- **Prompt**
Pictures in the entries below are excluded; copy only the lines from the one containing "Maglione da uomo" to the one containing "Cartoon Man Driving", both included.

- **Material for the task**

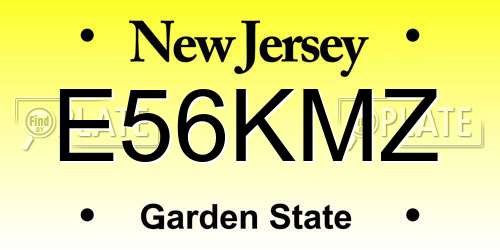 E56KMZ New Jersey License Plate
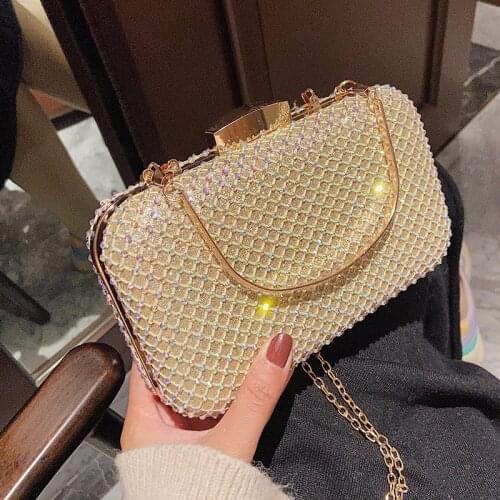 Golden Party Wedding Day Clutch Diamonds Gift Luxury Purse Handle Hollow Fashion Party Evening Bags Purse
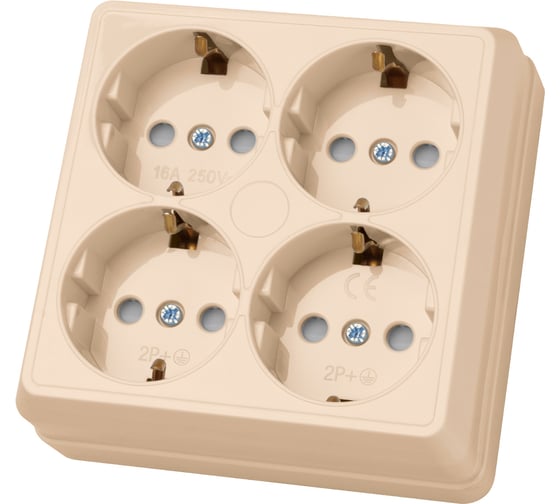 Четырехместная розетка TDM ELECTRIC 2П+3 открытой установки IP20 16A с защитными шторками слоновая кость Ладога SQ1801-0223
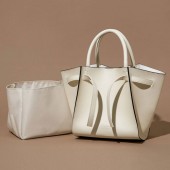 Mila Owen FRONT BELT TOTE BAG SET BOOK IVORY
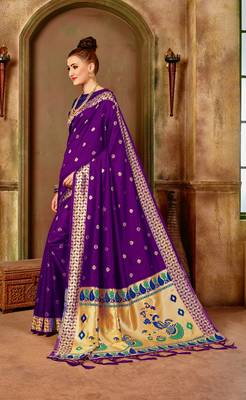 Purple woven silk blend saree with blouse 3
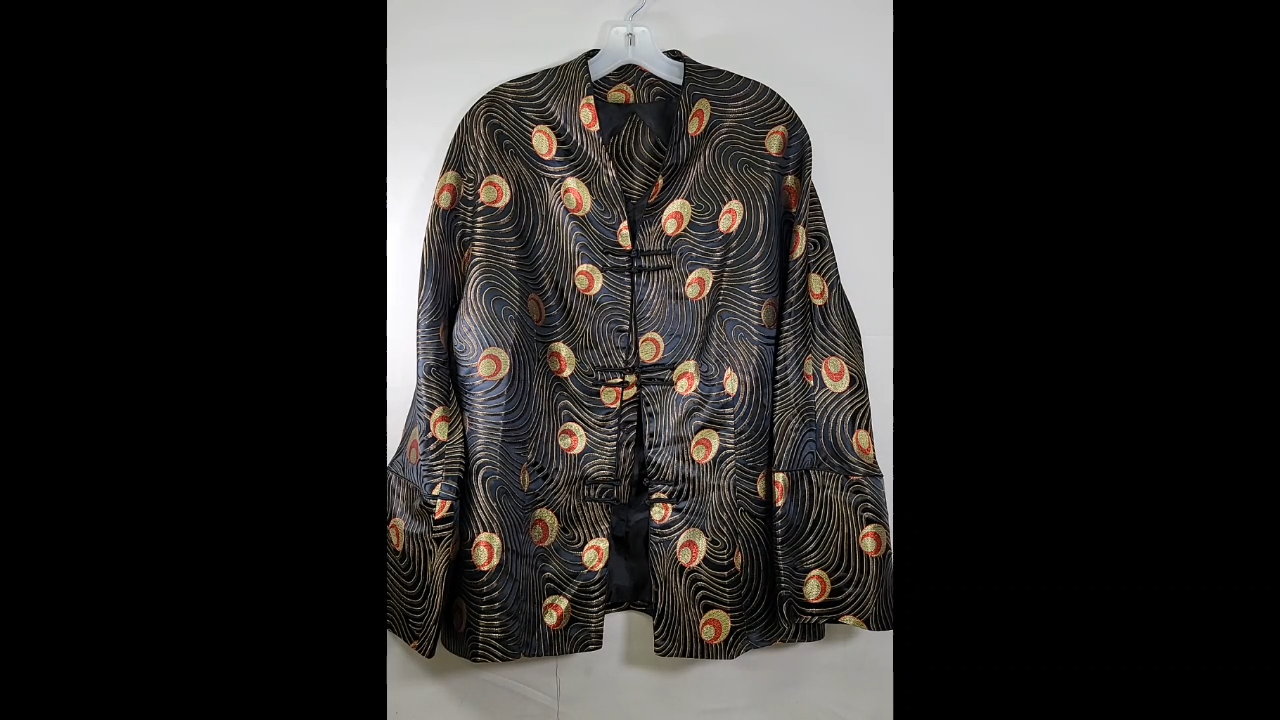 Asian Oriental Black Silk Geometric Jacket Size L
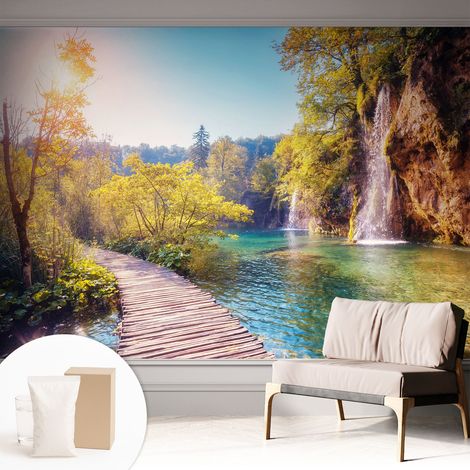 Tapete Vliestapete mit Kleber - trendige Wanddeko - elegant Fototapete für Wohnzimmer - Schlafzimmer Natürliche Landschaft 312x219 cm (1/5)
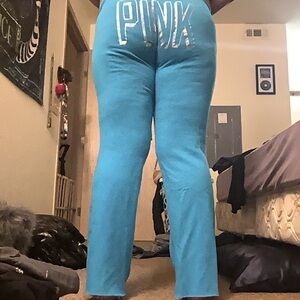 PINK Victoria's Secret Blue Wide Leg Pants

---

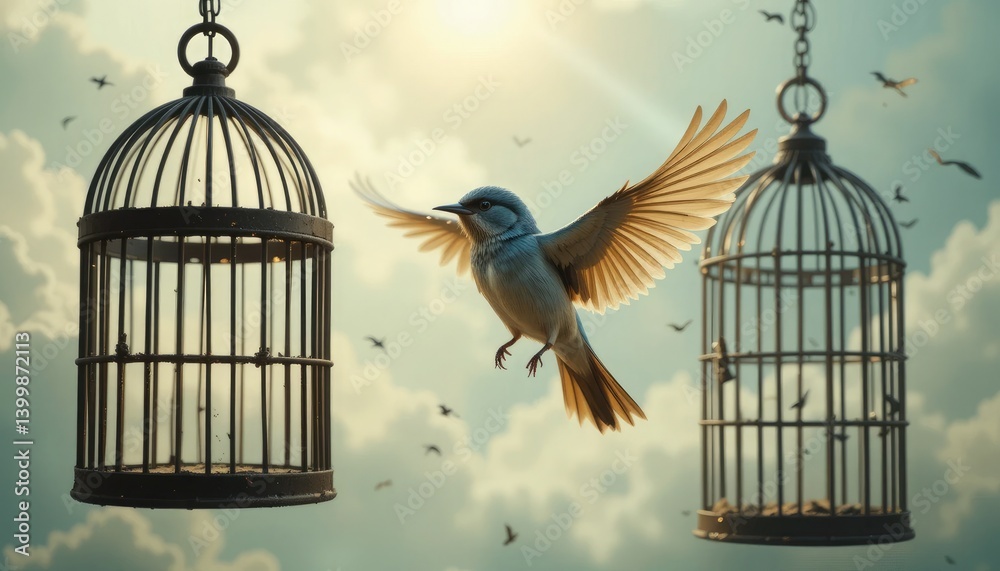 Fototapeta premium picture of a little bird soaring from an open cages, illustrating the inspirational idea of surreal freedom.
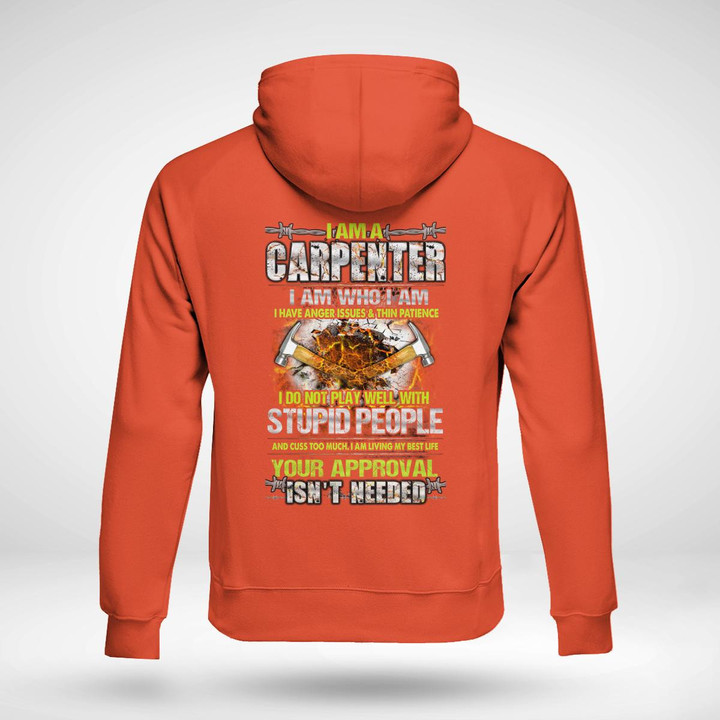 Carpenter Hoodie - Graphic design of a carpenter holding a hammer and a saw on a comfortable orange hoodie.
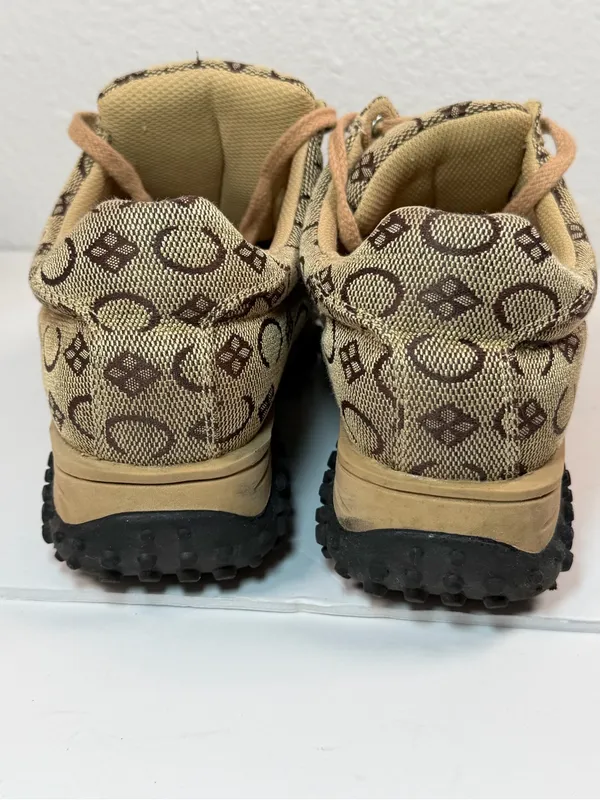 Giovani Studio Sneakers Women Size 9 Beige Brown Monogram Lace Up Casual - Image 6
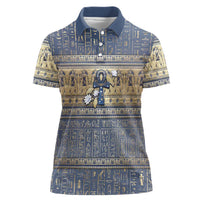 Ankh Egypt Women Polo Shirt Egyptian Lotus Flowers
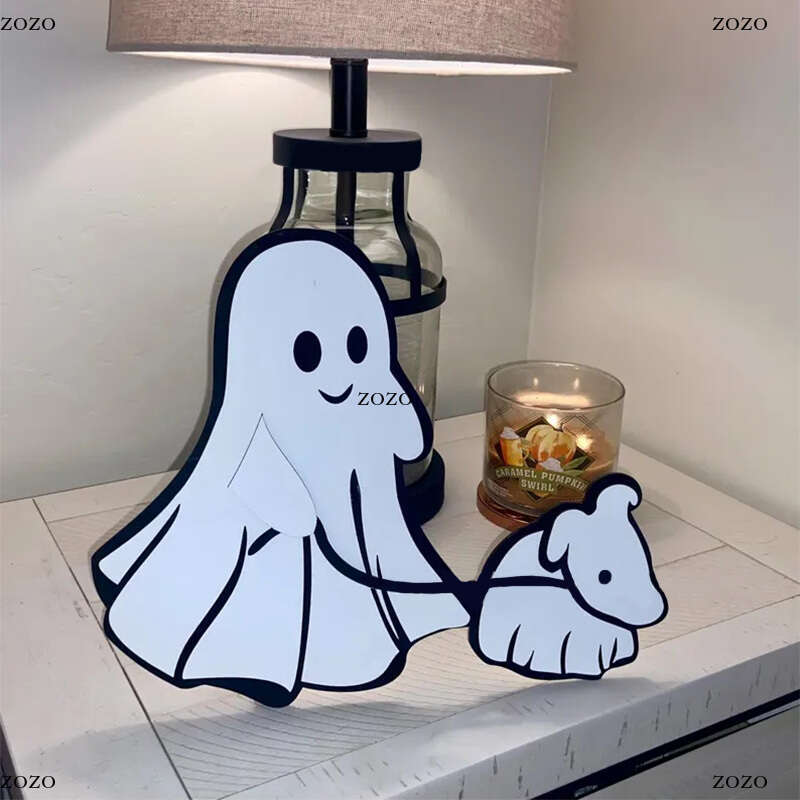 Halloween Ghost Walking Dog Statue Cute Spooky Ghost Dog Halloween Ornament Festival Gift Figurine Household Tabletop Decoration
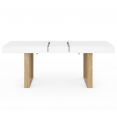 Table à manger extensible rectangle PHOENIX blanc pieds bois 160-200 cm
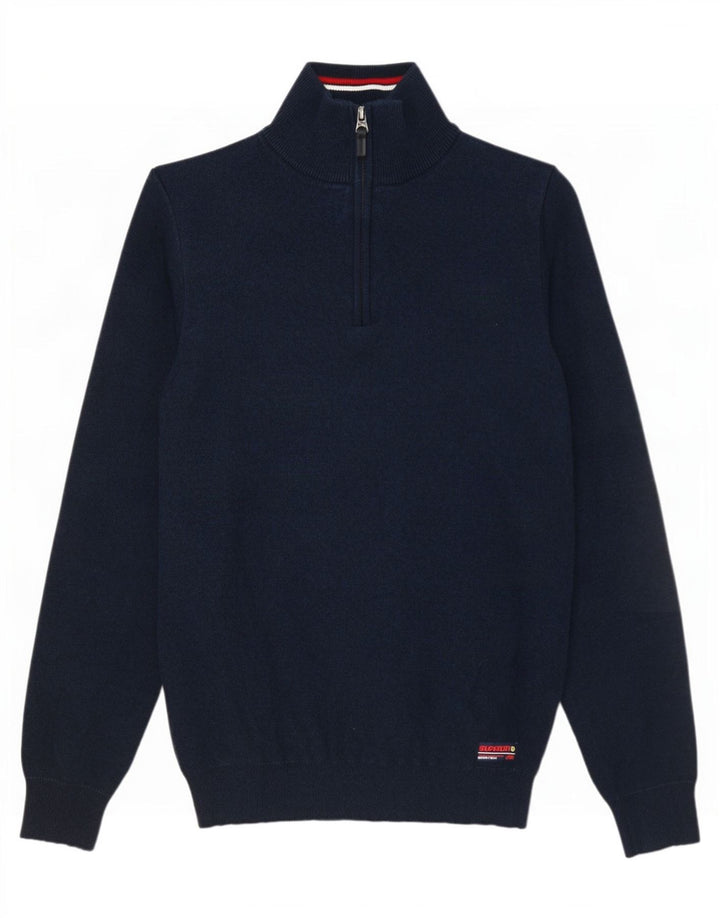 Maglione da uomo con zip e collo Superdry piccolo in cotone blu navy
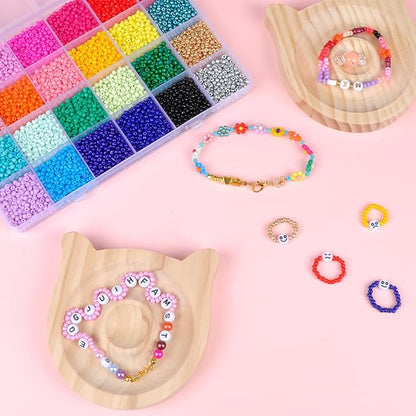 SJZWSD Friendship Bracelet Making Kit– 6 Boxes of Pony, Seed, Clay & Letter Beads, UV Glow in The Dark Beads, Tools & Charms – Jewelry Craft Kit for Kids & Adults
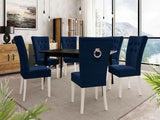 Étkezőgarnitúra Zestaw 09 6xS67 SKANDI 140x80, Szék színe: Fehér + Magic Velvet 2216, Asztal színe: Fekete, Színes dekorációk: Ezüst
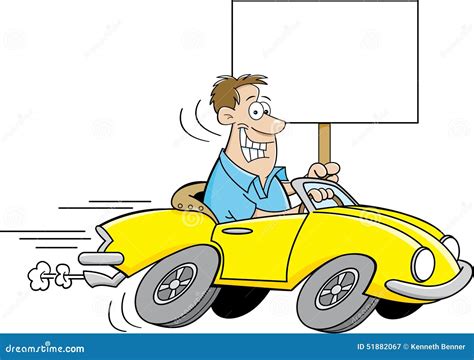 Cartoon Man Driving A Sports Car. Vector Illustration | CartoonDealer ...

- **The completed task**
 Maglione da uomo con zip e collo Superdry piccolo in cotone blu navy
 SJZWSD Friendship Bracelet Making Kit– 6 Boxes of Pony, Seed, Clay & Letter Beads, UV Glow in The Dark Beads, Tools & Charms – Jewelry Craft Kit for Kids & Adults
 Étkezőgarnitúra Zestaw 09 6xS67 SKANDI 140x80, Szék színe: Fehér + Magic Velvet 2216, Asztal színe: Fekete, Színes dekorációk: Ezüst
 Cartoon Man Driving A Sports Car. Vector Illustration | CartoonDealer ...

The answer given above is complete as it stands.